To better understand what land surveying entails, check out this guide on different types of land surveys, the techniques used to conduct them, and the main benefits of getting these surveys done.
Types of Land Surveys
There are many types of land surveys that can be conducted, each one differing in technique and purpose. These are the seven main types to get you acquainted:
ALTA/ACSM surveys provide data on boundaries and easements to lenders, title companies, or attorneys representing each party in a commercial real estate transaction so that they can issue title insurance.
This survey type is considered the gold standard in land surveys since it is the most comprehensive and complies with the American Land Title Association (ALTA) and American Congress on Surveying and Mapping (ACSM) standards.

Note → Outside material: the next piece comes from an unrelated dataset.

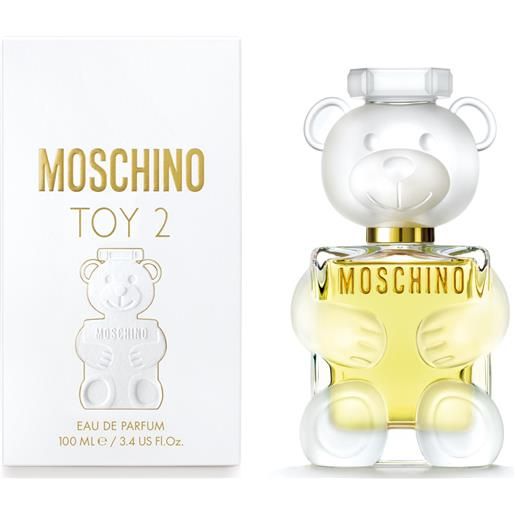 MOSCHINO > moschino toy 2 eau de parfum 100 ml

As its name suggests, boundary surveys formally define a specific property’s boundary. They are done through public records research and fieldwork, where the surveyor takes measurements and performs necessary computations to identify boundary lines.
This survey is critical for construction due diligence to get proper permits and avoid boundary disputes.
Location surveys are similar to boundary surveys but contain added information on interior improvements and their corresponding locations. Title insurers and mortgage lenders usually contract these to get legal proof that the improvements are located on the property.
Thus, you may encounter this survey when applying for zoning permits or loans.
Topographic surveys allow you to identify and locate natural and man-made features on a piece of land. These include buildings, fences, trees, and utilities, as well as contours and spot levels to determine terrain elevations.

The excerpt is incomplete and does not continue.